Che sonno e ricordi siano strettamente legati tra loro, e che la memoria risenta positivamente della qualità del sonno, alla scienza era già cosa nota. Basti pensare al fatto che proprio durante il sonno il cervello umano “mette in archivio” i ricordi, cestinando al contempo tutto ciò che ritiene superfluo e non meritevole di essere mnemonizzato: questo avviene principalmente attraverso la connessione tra ippocampo e corteccia cerebrale, un fenomeno, appunto, che sembra verificarsi in particolare durante le fasi di quiete della mente.
Ora, in collegamento con queste consapevolezze acquisite, arriva il nuovo studio pubblicato su Nature Communication, a mettere nero su bianco “la relazione tra la respirazione, che ha dimostrato di avere un impatto sui ritmi cerebrali e sulla cognizione durante la veglia, le oscillazioni legate al sonno e la riattivazione della memoria negli esseri umani”.

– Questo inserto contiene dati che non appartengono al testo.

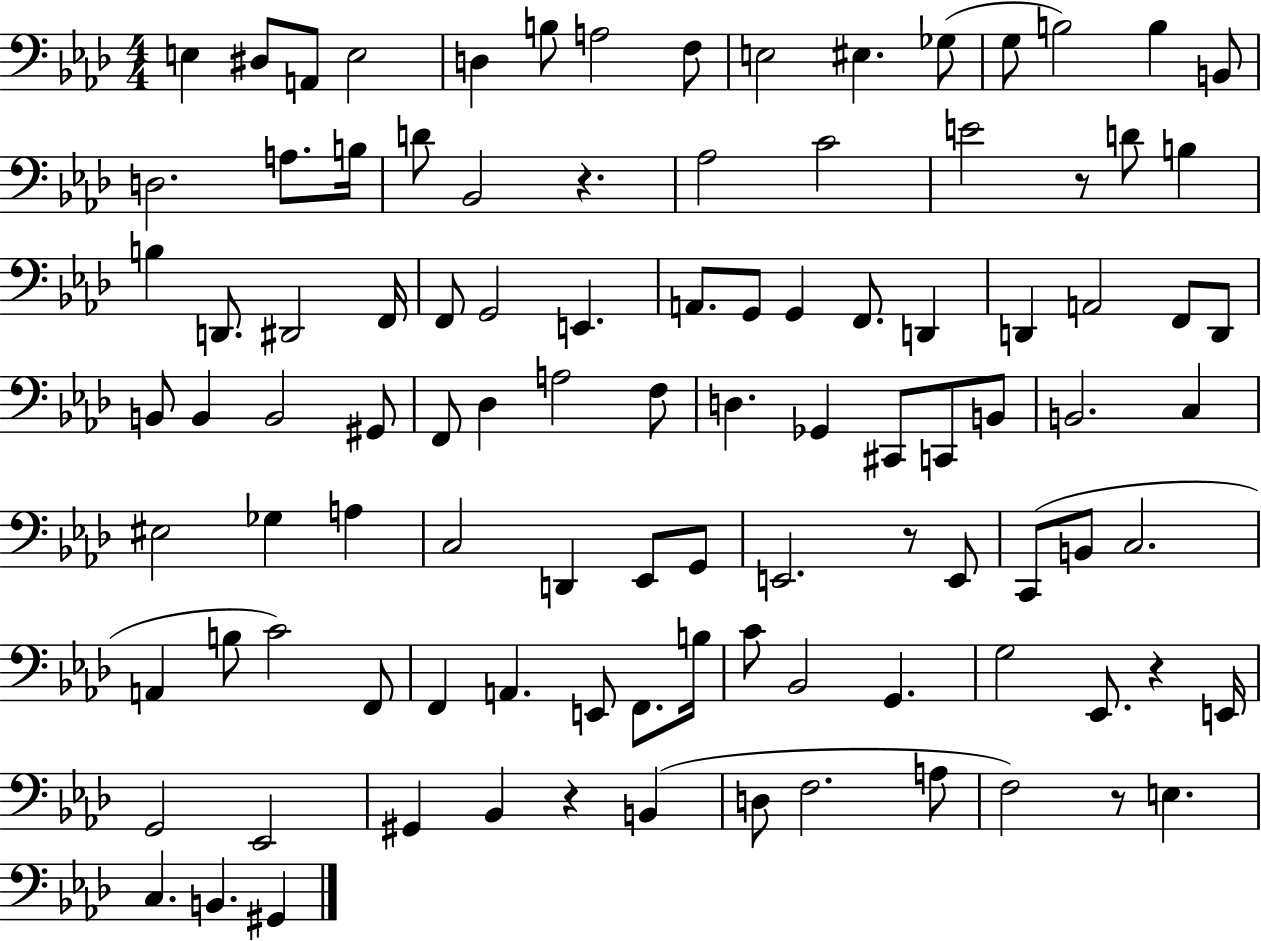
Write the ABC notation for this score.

X:1
T:Untitled
M:4/4
L:1/4
K:Ab
E, ^D,/2 A,,/2 E,2 D, B,/2 A,2 F,/2 E,2 ^E, _G,/2 G,/2 B,2 B, B,,/2 D,2 A,/2 B,/4 D/2 _B,,2 z _A,2 C2 E2 z/2 D/2 B, B, D,,/2 ^D,,2 F,,/4 F,,/2 G,,2 E,, A,,/2 G,,/2 G,, F,,/2 D,, D,, A,,2 F,,/2 D,,/2 B,,/2 B,, B,,2 ^G,,/2 F,,/2 _D, A,2 F,/2 D, _G,, ^C,,/2 C,,/2 B,,/2 B,,2 C, ^E,2 _G, A, C,2 D,, _E,,/2 G,,/2 E,,2 z/2 E,,/2 C,,/2 B,,/2 C,2 A,, B,/2 C2 F,,/2 F,, A,, E,,/2 F,,/2 B,/4 C/2 _B,,2 G,, G,2 _E,,/2 z E,,/4 G,,2 _E,,2 ^G,, _B,, z B,, D,/2 F,2 A,/2 F,2 z/2 E, C, B,, ^G,,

In pratica, esaminando i dati relativi a un esperimento precedente, in cui ai 20 partecipanti era stato chiesto di memorizzare qualcosa appena prima di un pisolino per poi misurarne elettroencefalografia del cuoio cappelluto e respirazione, gli studiosi hanno ora scoperto che è proprio la respirazione “a modulare le oscillazioni del sonno”, in una variazione a sua volta “legata all’entità della riattivazione della memoria”.
“I nostri risultati identificano una chiara associazione tra respirazione e consolidamento della memoria negli esseri umani – si legge nello studio – e sottolineano il ruolo delle interazioni cervello-corpo durante il sonno”. Con un’avvertenza: il sonno in questione sarebbe in particolare quello NREM (Non rapid eye movement), che rappresenta in media il 75% del sonno totale di un individuo adulto.
In pratica, chi respira male durante il sonno ne risente – oltre che su altri fronti - anche a livello di memoria. E in merito c’è già chi pensa, soprattutto per la fascia di popolazione più anziana, a protocolli di cura basati sulla respirazione finalizzati a potenziare le capacità mnemoniche.